Work required: Take the line with "Tonnelle de jardin avec une décoration" and every line after it in the entries below, and set them down exactly, without any pictures.

Data supplied:
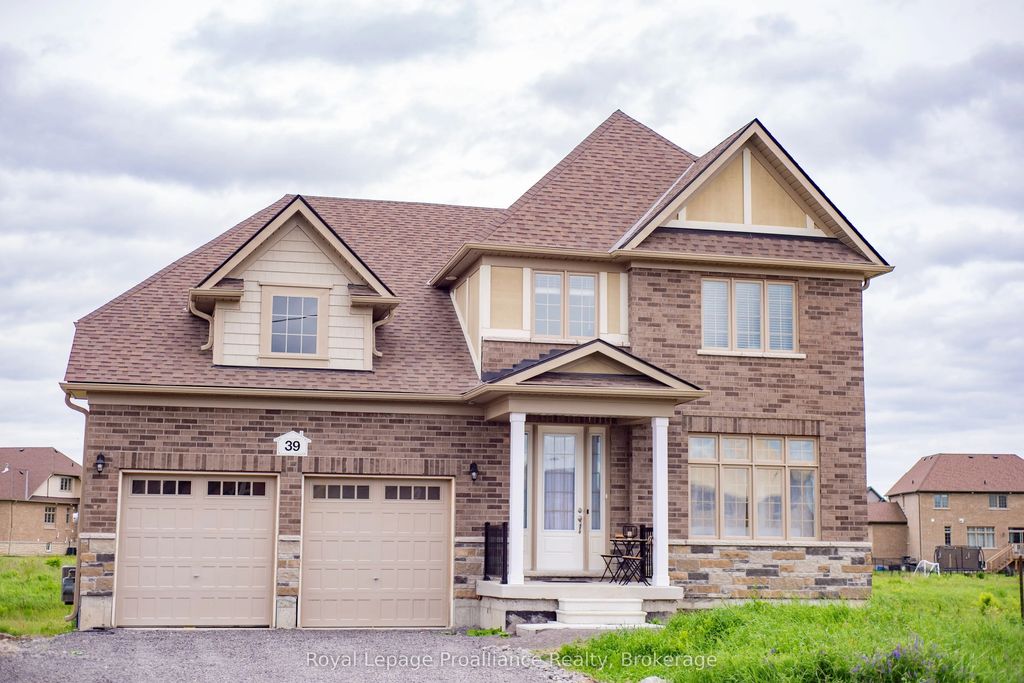 39 East Vista Terrace, Quinte West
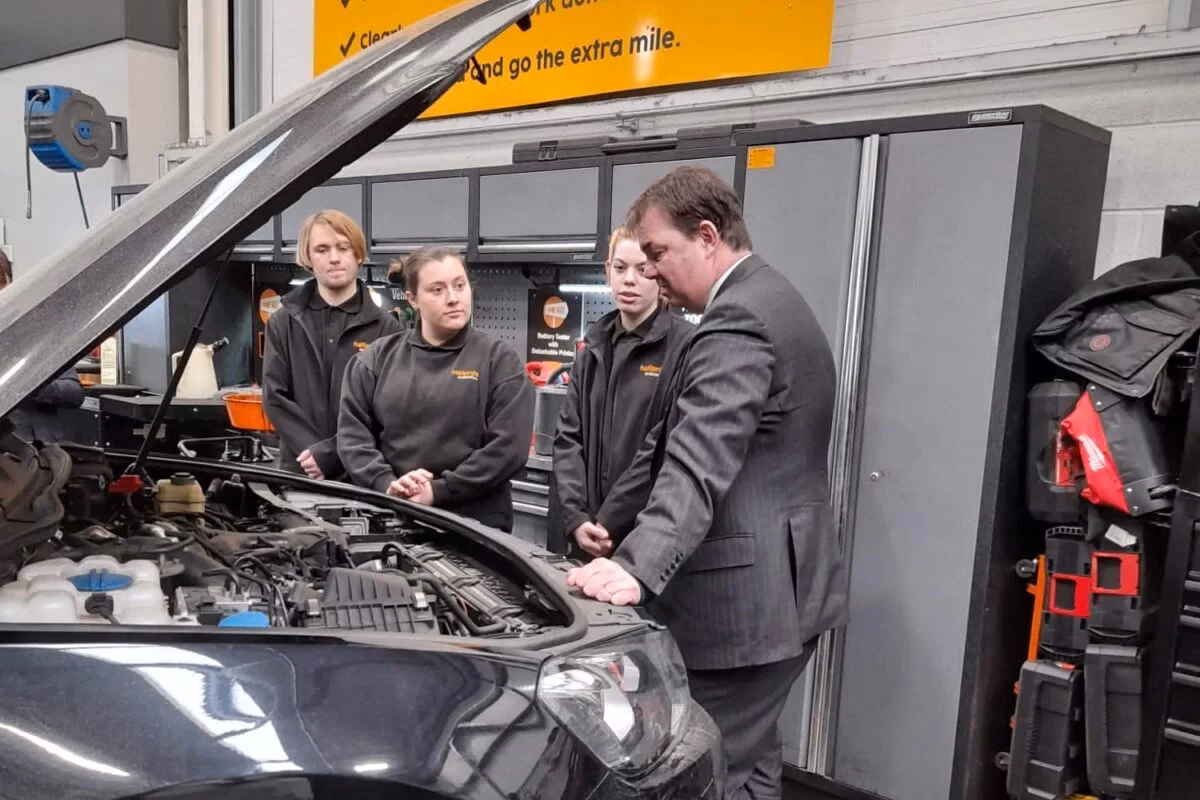 Why should you work at Halfords?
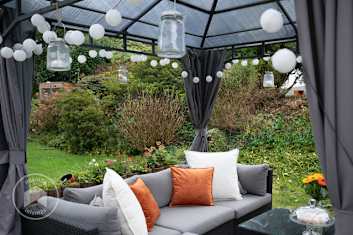 Tonnelle de jardin avec une décoration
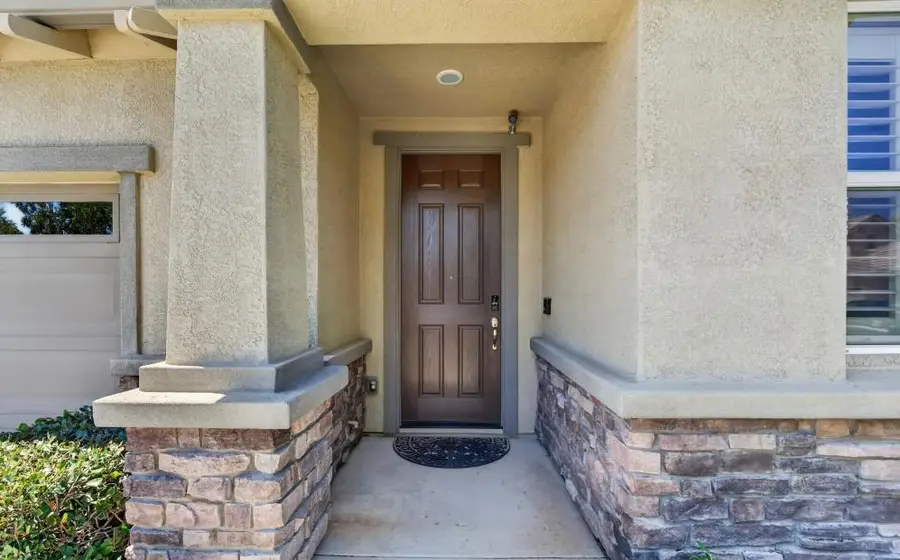 9884 Bluefin Way, Elk Grove, CA 95757 - #2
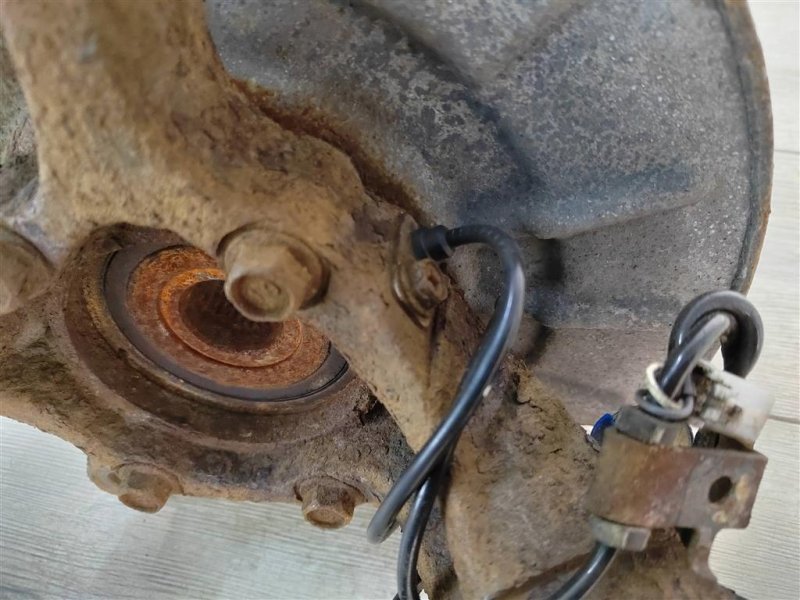 Кулак поворотный, 2000 рублей, Москва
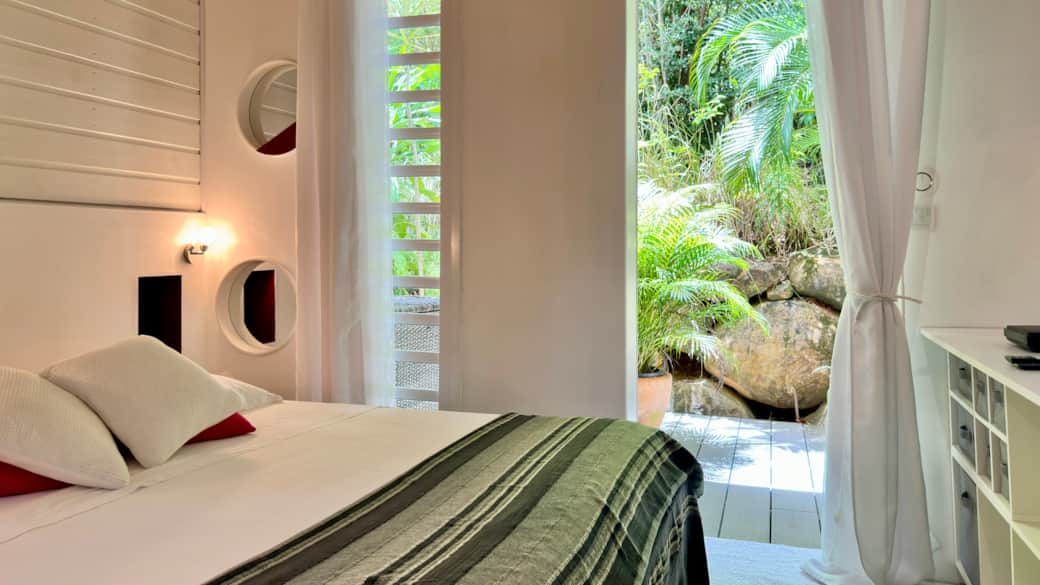 Vue d'ensemble de la chambre et de son accès vers l'extérieur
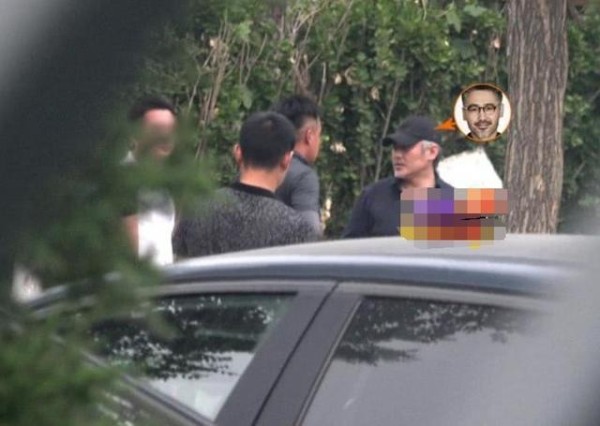 吴秀波深夜面见娱乐圈大佬，姿态十分卑微，这是为复出做打算？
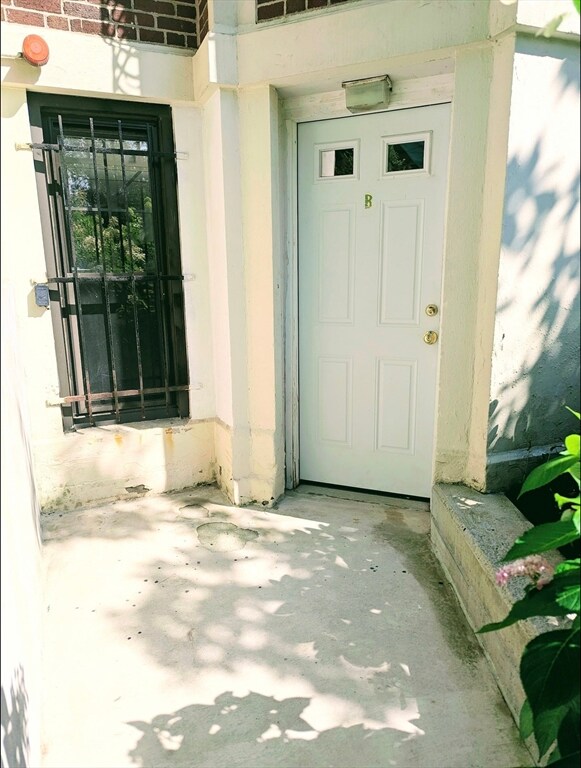 384 Riverway unit B, Boston, MA 02115 - photo 5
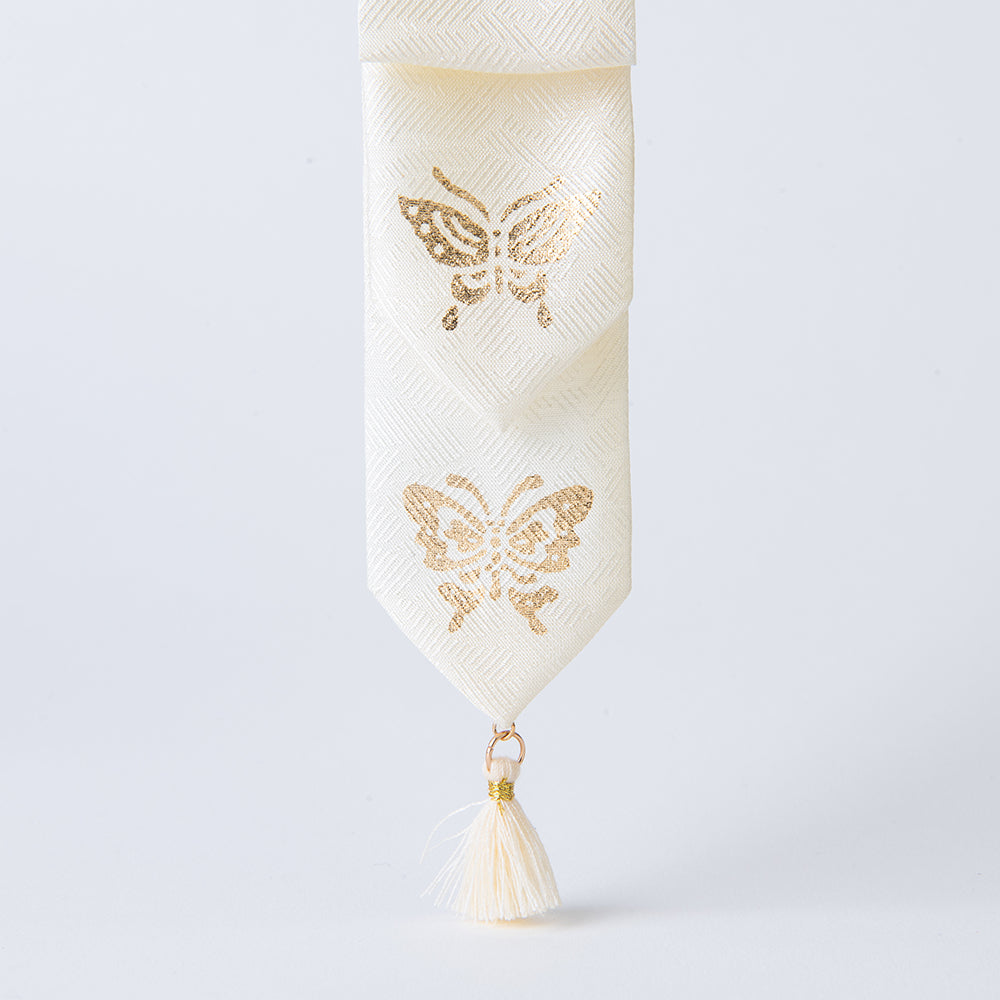 GLEAF silk keychain featuring gold-leaf stamped twin butterfly design – traditional Korean handcrafted item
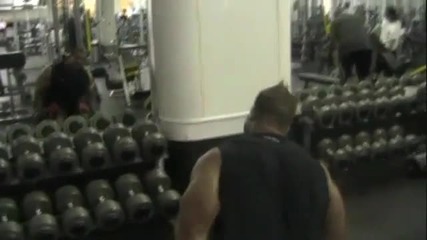 Bodybuilder jay cutler trains arms june 25 2010 music video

Answer box:
 Tonnelle de jardin avec une décoration
 9884 Bluefin Way, Elk Grove, CA 95757 - #2
 Кулак поворотный, 2000 рублей, Москва
 Vue d'ensemble de la chambre et de son accès vers l'extérieur
 吴秀波深夜面见娱乐圈大佬，姿态十分卑微，这是为复出做打算？
 384 Riverway unit B, Boston, MA 02115 - photo 5
 GLEAF silk keychain featuring gold-leaf stamped twin butterfly design – traditional Korean handcrafted item
 Bodybuilder jay cutler trains arms june 25 2010 music video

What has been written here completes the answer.